I'd like to hear more about you guys. Does it happen to you too? if so, why do you think it's so hard?
Over the phone, people will almost invariably ask you to spell out a place name. Yes, it's hard. The real question isn't "why are place names hard to understand?" The real question is "why aren't other words just as hard?"
Usually, we do not pronounce words clearly or unambiguously. When we listen to ordinary speech, we usually hear words which would be ambiguous by themselves, but can be guessed from context. We hear a word, we think of a list of possibilities, we narrow down the list because only one of them makes sense--and we do this so quickly and unconsciously that we think we've heard the word clearly.
There is a story about a child who believed the Equator was a menagerie lion running around the Earth.
Both an adult and a child might unconsciously think "what I'm hearing isn't perfectly clear, it could be either menagerie lion or imaginary line" but the adult has the background to know that only the second is possible. Most likely the adult think he has heard imaginary line and isn't even conscious of choosing the best alternatively.
Disambiguation from context works for words that are in our vocabulary, and which have a meaning so we can tell whether or not they make sense in a context.

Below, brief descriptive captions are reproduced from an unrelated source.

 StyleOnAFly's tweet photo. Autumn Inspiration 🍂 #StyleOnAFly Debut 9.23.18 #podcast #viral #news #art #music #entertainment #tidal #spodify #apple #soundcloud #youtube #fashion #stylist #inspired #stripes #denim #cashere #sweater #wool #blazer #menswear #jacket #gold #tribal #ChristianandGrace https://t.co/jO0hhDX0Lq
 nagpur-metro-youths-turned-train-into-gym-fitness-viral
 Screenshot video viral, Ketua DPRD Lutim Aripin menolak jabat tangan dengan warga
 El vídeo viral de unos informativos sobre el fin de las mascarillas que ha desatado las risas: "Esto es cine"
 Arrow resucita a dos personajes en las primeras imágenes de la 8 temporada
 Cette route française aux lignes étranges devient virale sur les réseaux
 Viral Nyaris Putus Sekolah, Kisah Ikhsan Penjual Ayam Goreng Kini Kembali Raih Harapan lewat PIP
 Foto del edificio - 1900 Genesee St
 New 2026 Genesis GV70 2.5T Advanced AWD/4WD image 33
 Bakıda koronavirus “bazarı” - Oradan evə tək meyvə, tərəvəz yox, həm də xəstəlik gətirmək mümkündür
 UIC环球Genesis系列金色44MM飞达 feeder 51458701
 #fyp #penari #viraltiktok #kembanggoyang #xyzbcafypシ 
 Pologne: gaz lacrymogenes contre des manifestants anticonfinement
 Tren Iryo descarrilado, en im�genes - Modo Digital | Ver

It doesn't work for place names, unless it's in an area that's familiar to you. If someone says indistinctly "We're going out to harfrd to see Fruitlands Museum," I would know they mean the little town of Harvard, Massachusetts, because I live around there. But if they left out "Fruitlands" I would probably think they meant the big city of Hartford, Connecticut.
Yes, absolutely. I quite agree. The problem with names is they are totally unpredictable. They often have irregular pronunciation, and, unlike other aspects of language, there are no grammatical clues or semantic clues to help you. If it's any comfort to you, even native speakers sometimes have this problem.
I'm British, and I recently went to New York for the first time. The first day or so when I was riding the subway I found it almost impossible to decipher the station announcements. The main reason for this was the fact that I didn't know the names of the subway stations. And what's more, I had absolutely no idea what to expect : the names could be a short word or a long word, a person's name or a place name, a number or a geographical feature, or any combination of these. A key feature of listening comprehension in any language is PREDICTION, and I wasn't able to predict what I was going to hear, even though it was my own language. Technical issues - such as background noise and the acoustic distortion - added to the difficulty, together with an accent that I was less used to hearing. But these were minor factors compared with the loss of predictability. After all, we're all quite capable of filtering out noise, and the NY accent is familiar to everyone the world over, whether they've visited the city before or not.
Needless to say, once I became familiar with the subway stops, after a day or so I soon managed to make out the announcements with no trouble at all. So, don't worry. It's the same for all of us.
Thank you both for your insightful answers.
It made things much clearer now. It's really great to hear real stories from natives speakers of English!